**Your assignment:** Without including any pictures, write out all the records word for word.

**Information shown:**
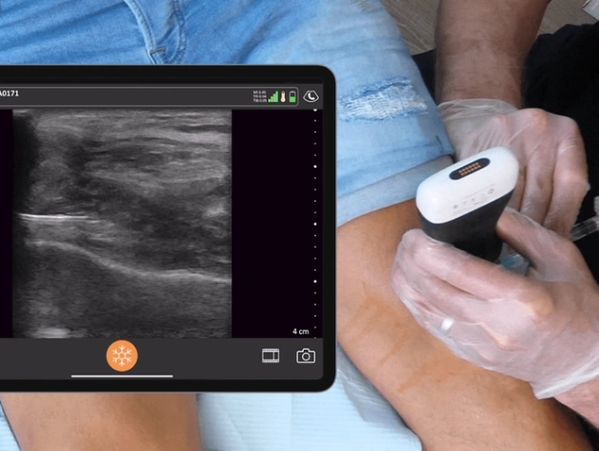 Ultrasound Guided Injection Of The Knee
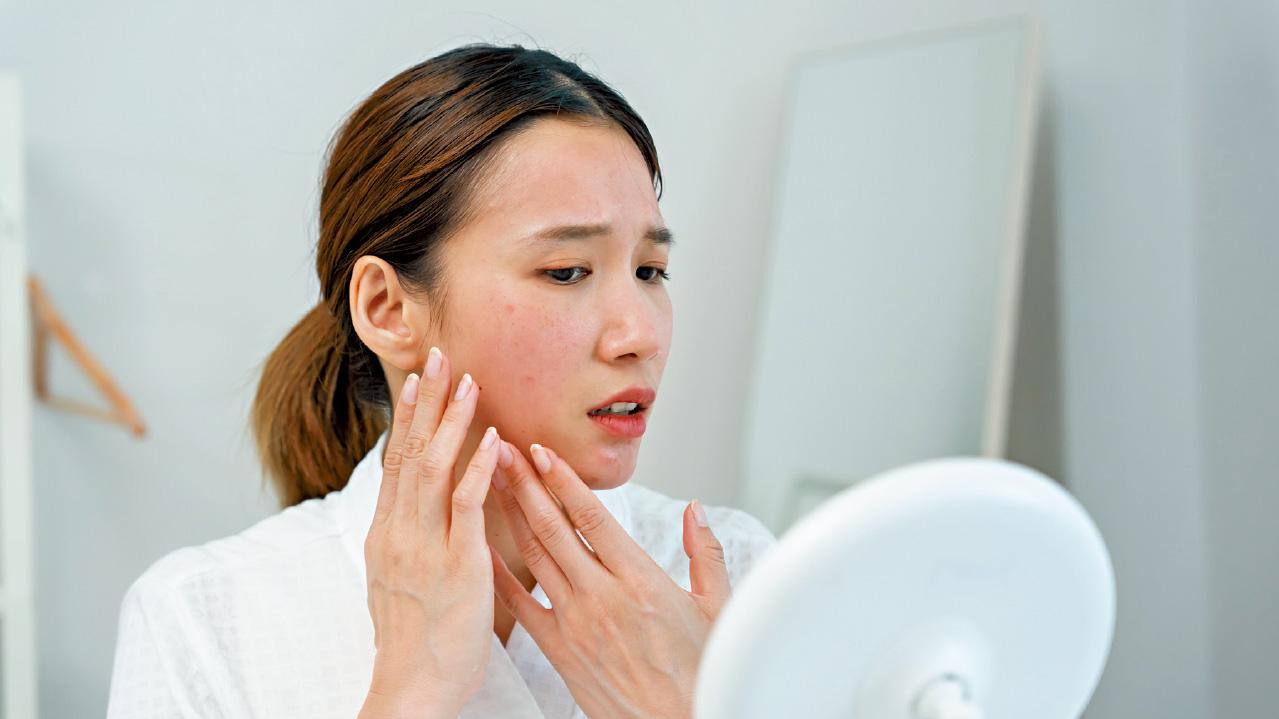 暗瘡要醫 避免留疤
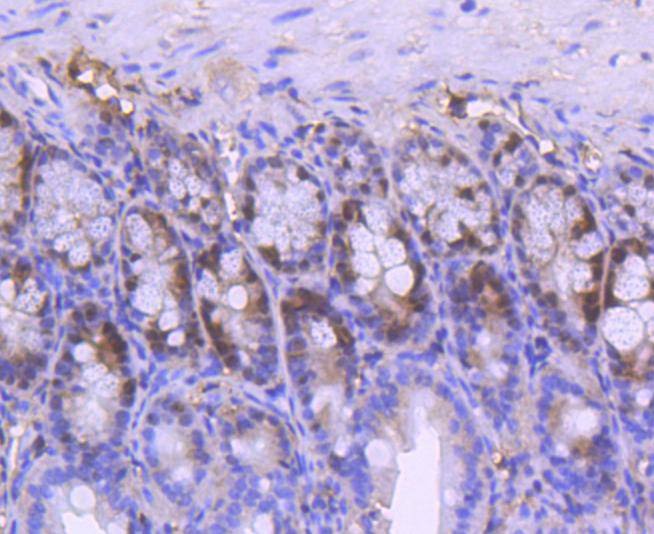 Anti-PCNA Antibody (2C751)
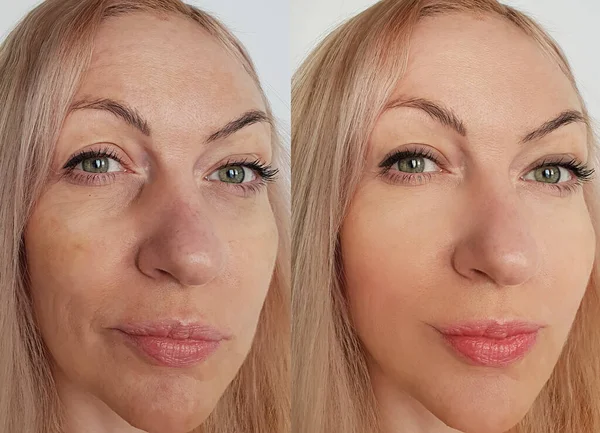Woman Face Wrinkles Treatment Collage — Stock Photo, Image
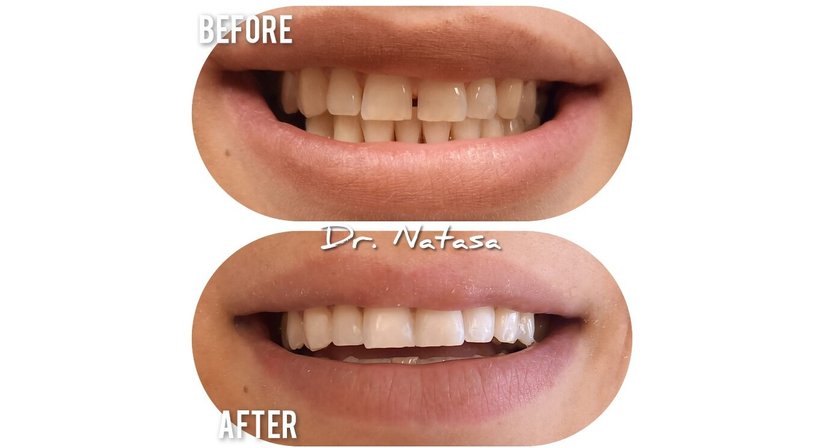 Professionelle Zahnreinigung / Bleaching - Medic dent. Natasa Vukajlovic - Zahnärztin Wien 1230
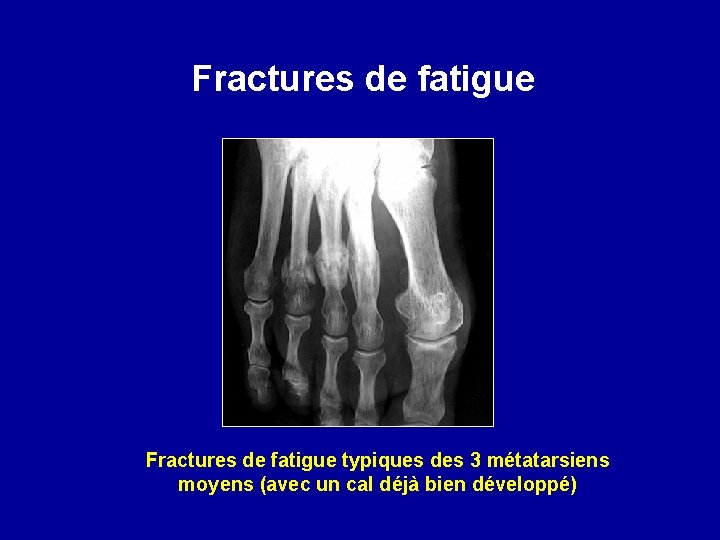 Fractures de fatigue typiques des 3 métatarsiens moyens (avec un cal déjà bien développé)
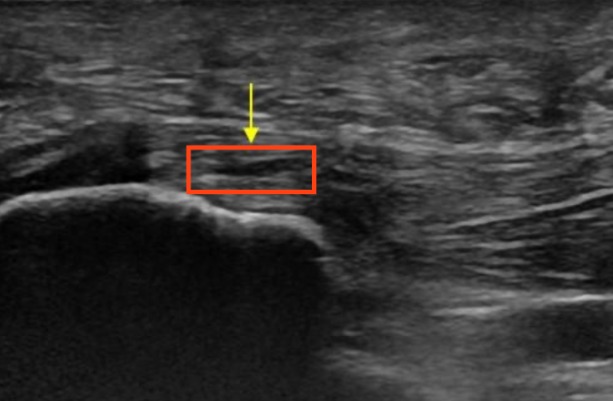 Rotura parcial de la fascia plantar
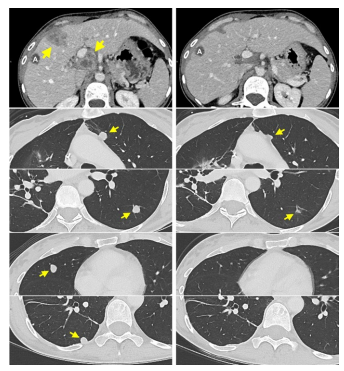 CathyEngMD's tweet photo. Interesting but early CAR-T results from @theNCI in @NatureMedicine: re:  7 #colorectal #cancer patients; 3 pts with response. However, median TTP= 4.6M.  DOI: 10.1038/s41591-024-03109-0.  Suggesting there may be a future role with additional research.  #cancerresearch @OncoAlert #crcsm
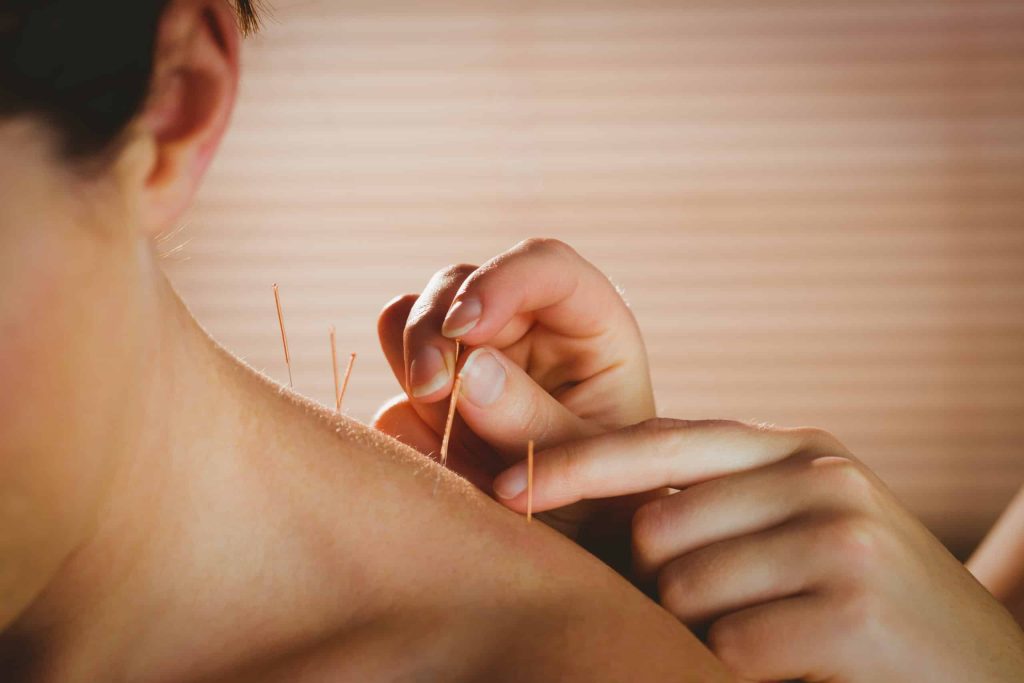 Acupuncture - Drug-free pain management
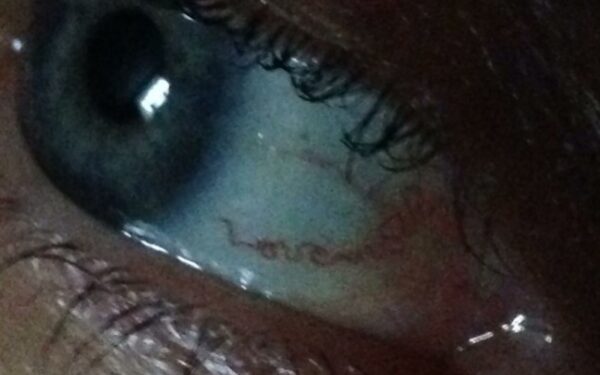 Būna ir taip: moters akies obuolyje kraujagyslės sudėliojo žodį „Meilė“ (video)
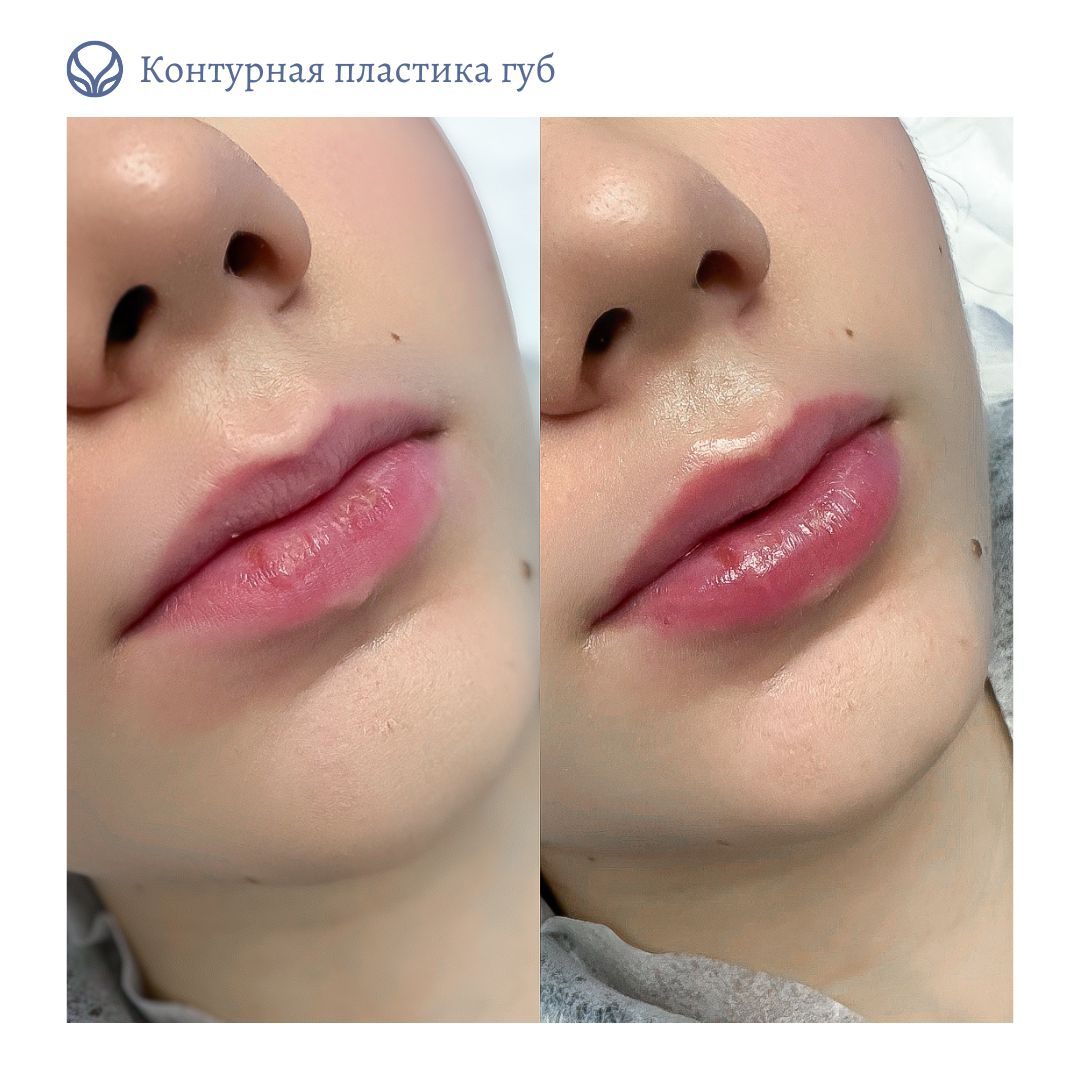 63553855__https://filllin.ru/api/media/doctor/41509025-95c9-4524-b655-3b0cedd28ffb-6641d6971b708b73903b2c1d.jpg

**Output:**
 Ultrasound Guided Injection Of The Knee
 暗瘡要醫 避免留疤
 Anti-PCNA Antibody (2C751)
Woman Face Wrinkles Treatment Collage — Stock Photo, Image
 Professionelle Zahnreinigung / Bleaching - Medic dent. Natasa Vukajlovic - Zahnärztin Wien 1230
 Fractures de fatigue typiques des 3 métatarsiens moyens (avec un cal déjà bien développé)
 Rotura parcial de la fascia plantar
 CathyEngMD's tweet photo. Interesting but early CAR-T results from @theNCI in @NatureMedicine: re:  7 #colorectal #cancer patients; 3 pts with response. However, median TTP= 4.6M.  DOI: 10.1038/s41591-024-03109-0.  Suggesting there may be a future role with additional research.  #cancerresearch @OncoAlert #crcsm
 Acupuncture - Drug-free pain management
 Būna ir taip: moters akies obuolyje kraujagyslės sudėliojo žodį „Meilė“ (video)
 63553855__https://filllin.ru/api/media/doctor/41509025-95c9-4524-b655-3b0cedd28ffb-6641d6971b708b73903b2c1d.jpg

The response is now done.